I didn’t know where to begin searching for a supplier. I had never prepared a request for quote and our cleanliness specs were vague (how dry is dry and how clean is clean). I didn’t order some options that would have been helpful in cleaning filters, so we needed add-on equipment and the budget was busted. The equipment arrived and I had not prepared the area for its placement, so it sat on the dock for a couple of days. We scrambled to clear the area and set the drops for the machine. In short, my first project was late, out of budget, and borderline on performance.
That was 24 years ago. Since then, I have been a part of more than 500 capital projects. Many have been a success, while some fell short of the promised return for the company.
Projects fall short of expectations for a handful of reasons that are, to some degree, avoidable.

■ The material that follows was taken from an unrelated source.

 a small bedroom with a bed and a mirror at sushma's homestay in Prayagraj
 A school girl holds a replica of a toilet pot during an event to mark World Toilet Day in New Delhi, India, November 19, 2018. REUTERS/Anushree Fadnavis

Capital project management is a risky business. The role of the capital project manager (CPM) is to manage risk to ensure the capital investment meets the expected return on investment (ROI). There are two main components to risk management: The first is timing, and the second is the budget. When projects are late, the ability of the company to begin recognizing revenue is delayed, and the company’s reputation with its customers is damaged. When the budget gets blown, the expected ROI is not achievable. The best strategy for managing both involves significant upfront work and vigilant communication with all stakeholders.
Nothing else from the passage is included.